There are two jobs here. First, classify an angle — say what type it is just from its size. Second, name an angle correctly. Both are quick once you know the rules.
Classify by Size
Every angle gets a name based on how open it is. Learn these five and you've got the lot:
Acute — less than 90°, a sharp little angle. Right — exactly 90°, the corner of a page (this is the one marked with the little square). Obtuse — between 90° and 180°, wider than a right angle but not yet a straight line. Straight — exactly 180°, the two arms make one straight line. Reflex — more than 180° (and less than 360°), the big way round.

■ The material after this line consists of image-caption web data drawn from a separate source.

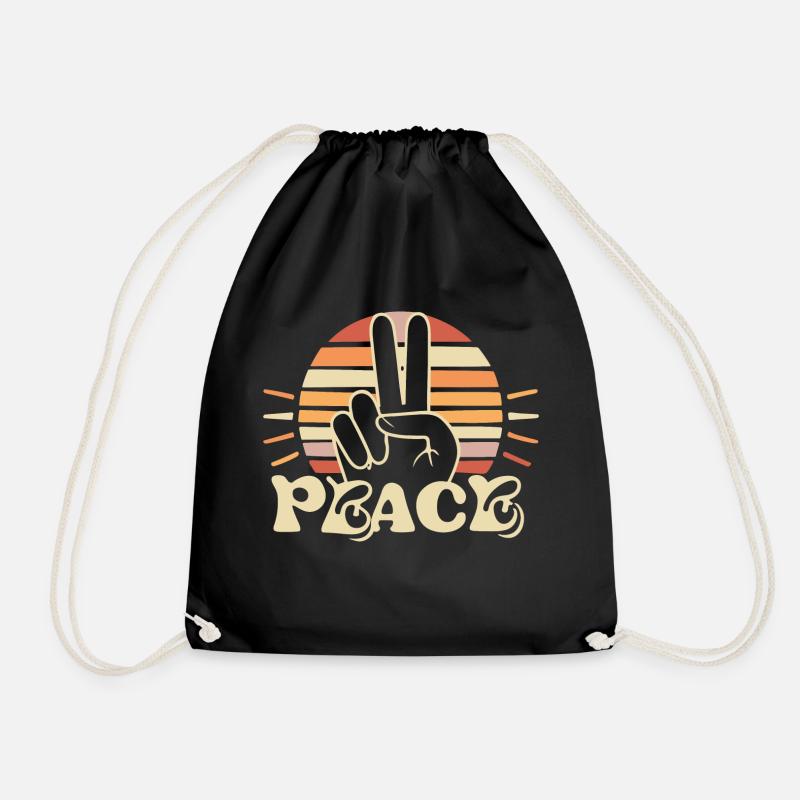 Peace Love Unity Vintage Peace Hippie Freedom - Drawstring Bag - black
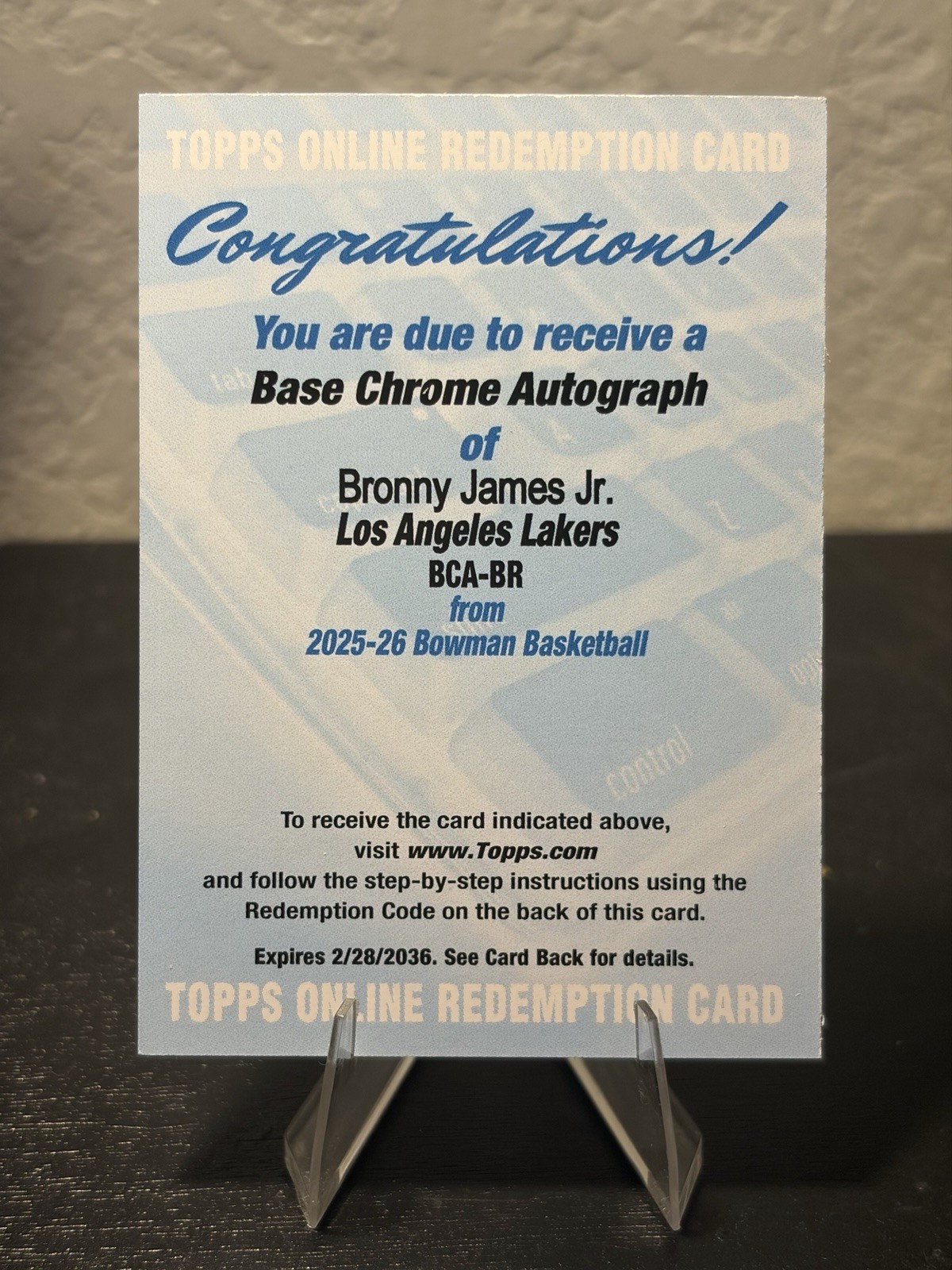 Bronny James Jr 2025-26 Topps Bowman Chrome Auto Base Chrome Redemption view 1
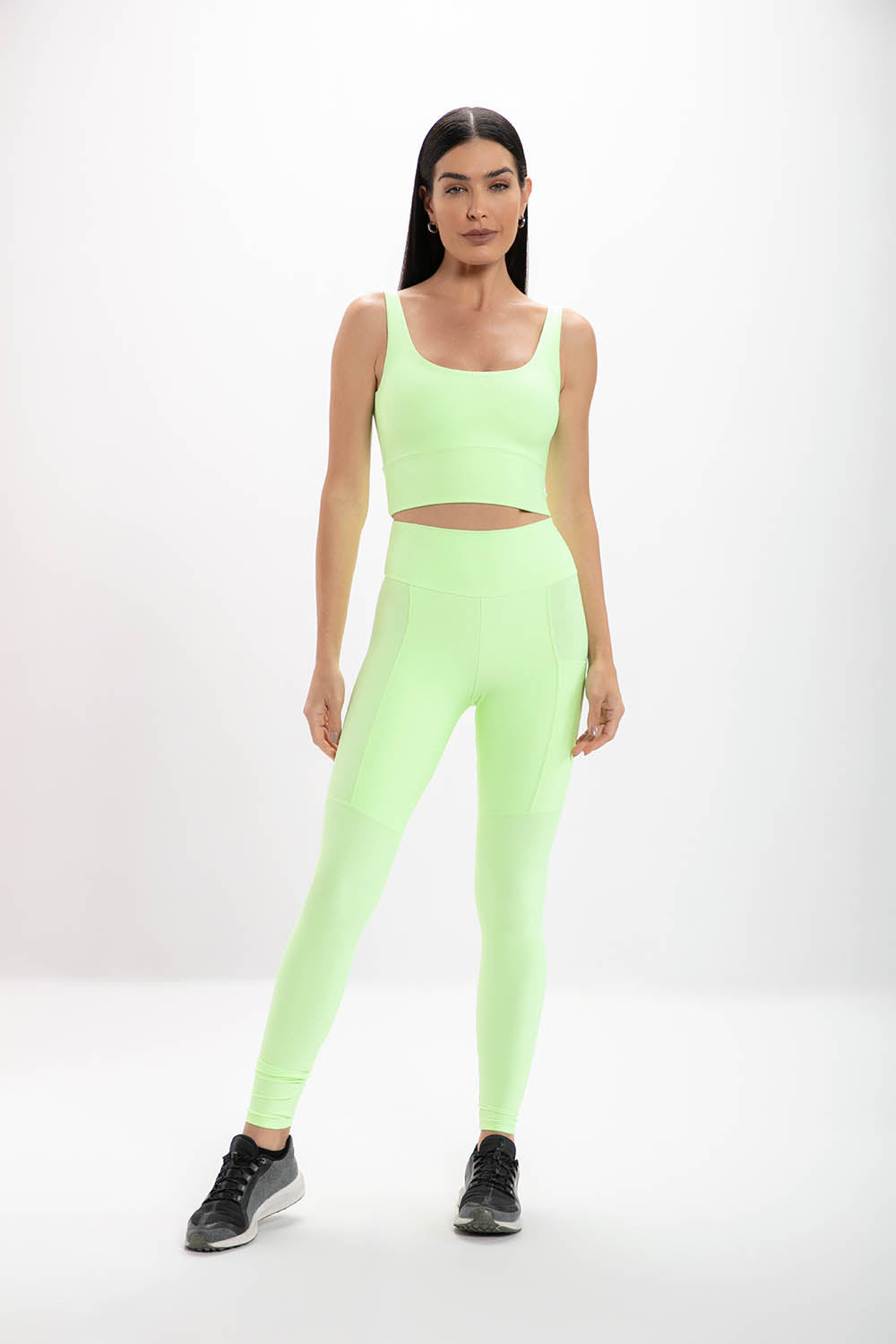 Calça Legging Alta Lime Glossy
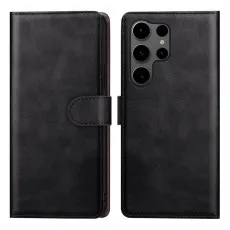 Front and back view of a black leather folio case for the Samsung Galaxy S25 Ultra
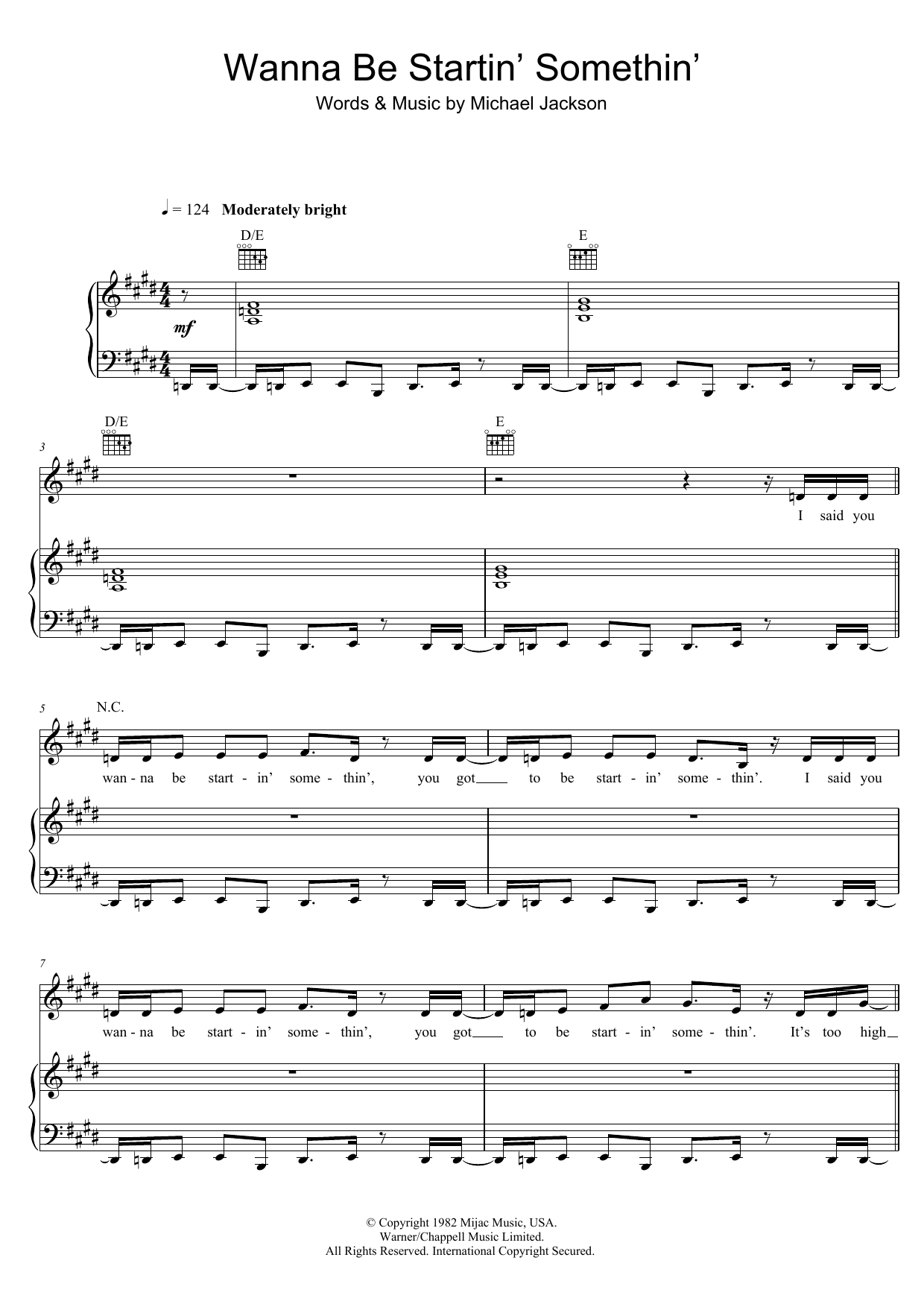 Wanna Be Startin' Somethin' (Piano, Vocal & Guitar Chords (Right-Hand Melody)) von Michael Jackson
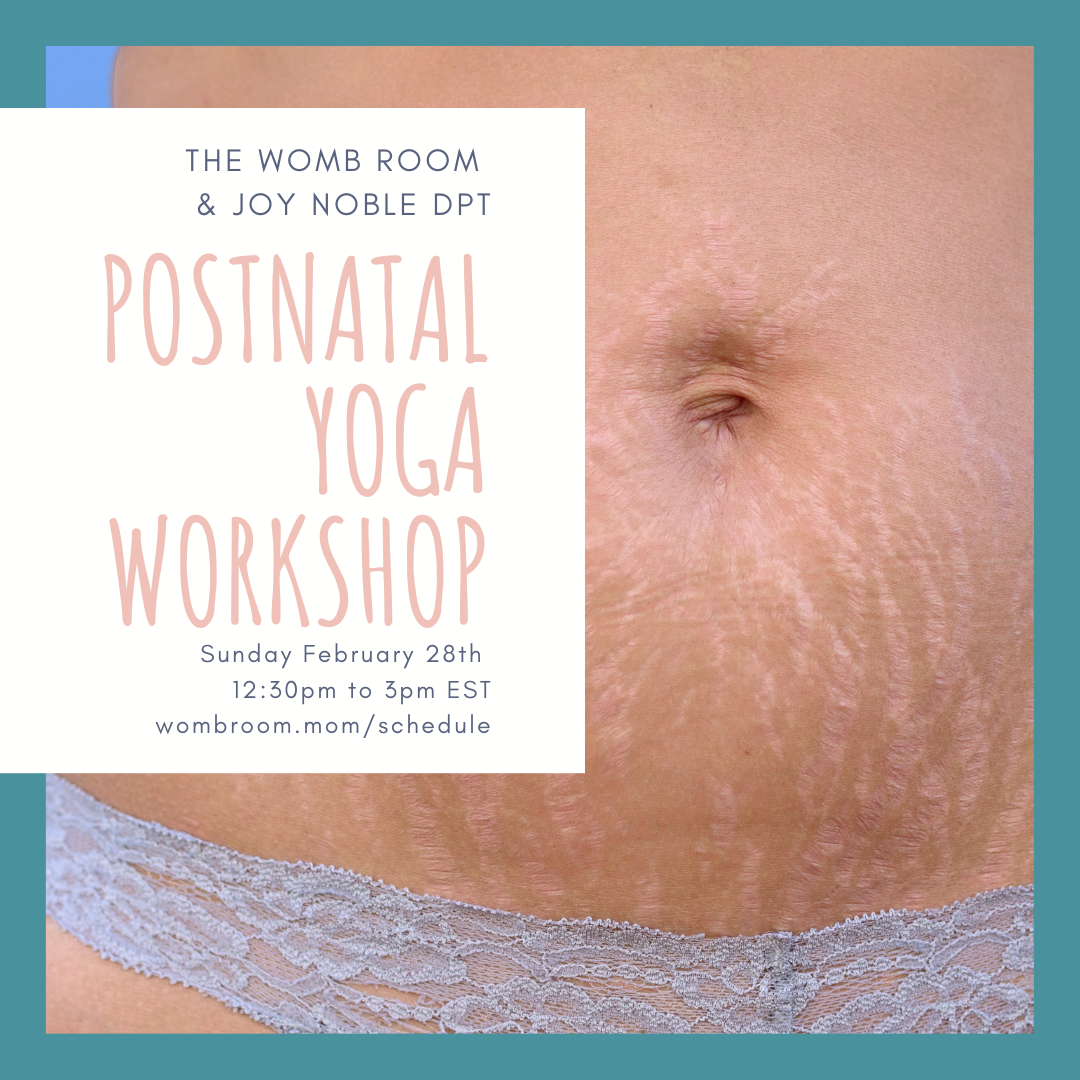 picture of postnatal belly with stretchmarks - postnatal yoga workshop flyer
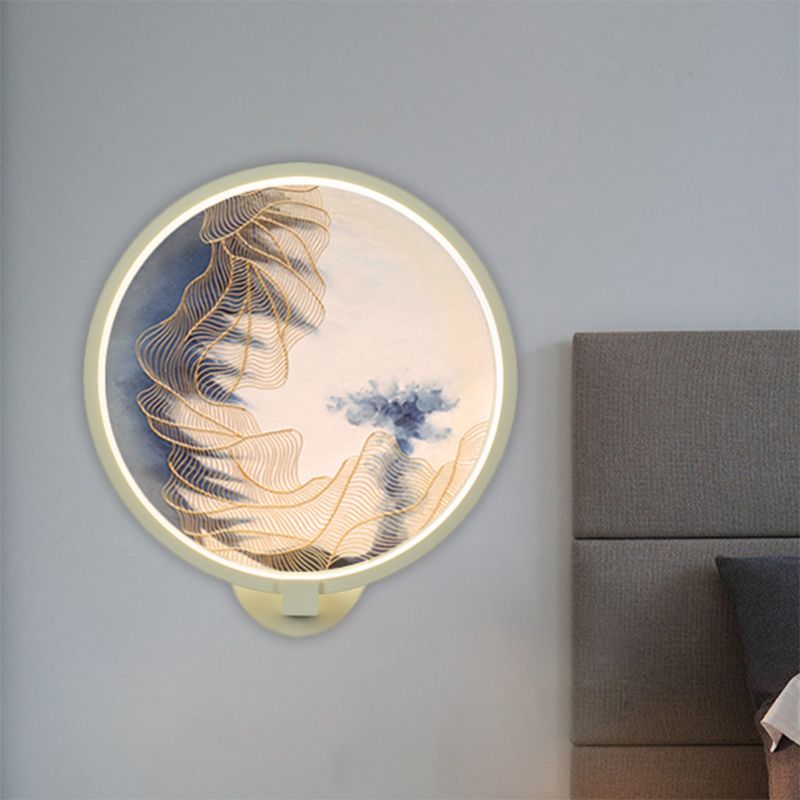 Rounded Acrylic Mountain Wall Lighting Chinese LED White Wall Mural Lamp for Living Room
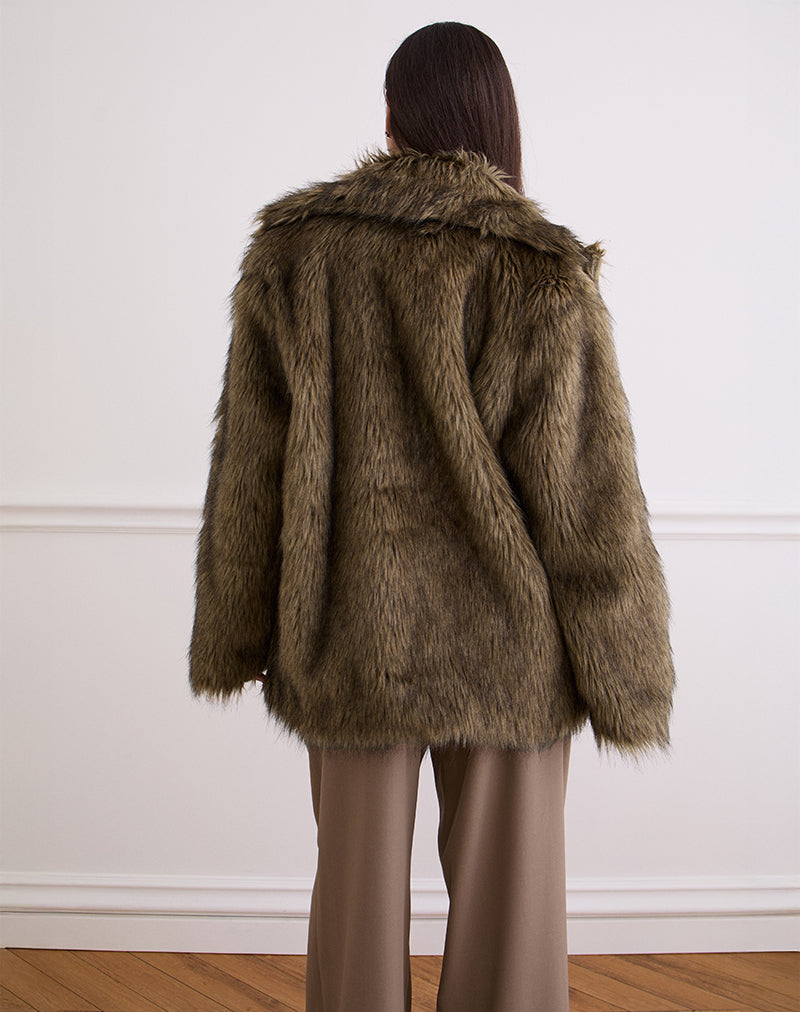 Afbeelding van Lupita jas in imitatie lang bont bruin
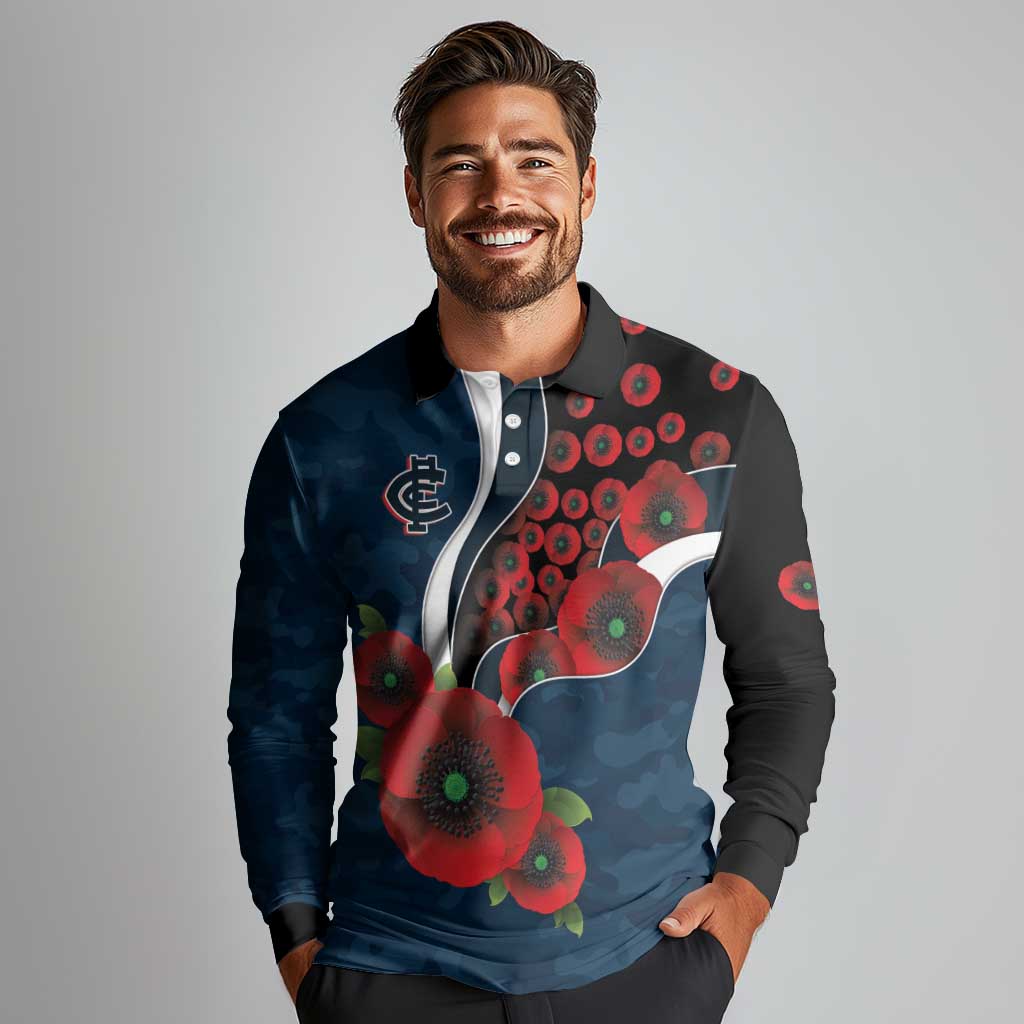 Carlton Blues ANZAC Personalised Long Sleeve Polo Shirt Lest We Forget Poppy Camo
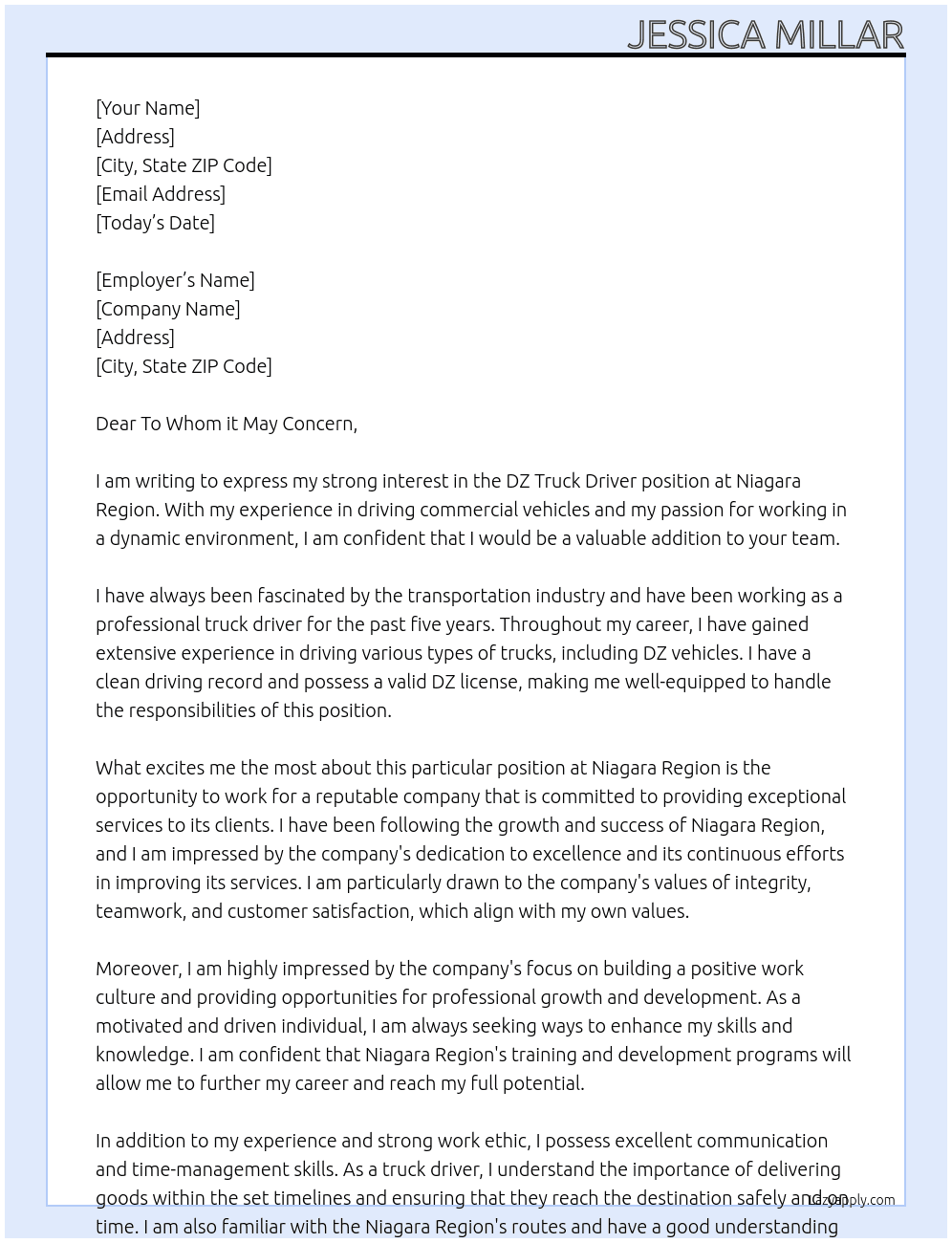 DZ Truck Driver At Niagara Region Cover Letter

Name It with ∠ and Three Letters
To name an angle you write ∠ then three points, with the vertex in the middle. If the corner is at B and the arms reach out to A and C, the angle is ∠ABC (and ∠CBA is the same angle — just read the other way). The two outside letters can swap; the middle one can't.
A Worked One
Say a diagram shows a corner at point Q, with one arm going to P and the other to R, and you measure the opening as 130°. Job one: 130° is between 90° and 180°, so it's an obtuse angle. Job two: vertex Q goes in the middle, so it's ∠PQR. Put it together: ∠PQR is an obtuse angle of 130°.
When Two Letters Is Enough — and When It Isn't
You'll sometimes see an angle written with just one letter, like ∠B, when there's only one angle at that point and there's no chance of confusion. But the moment several angles share a vertex, you must use all three letters so it's crystal clear which one you mean. When in doubt, use three.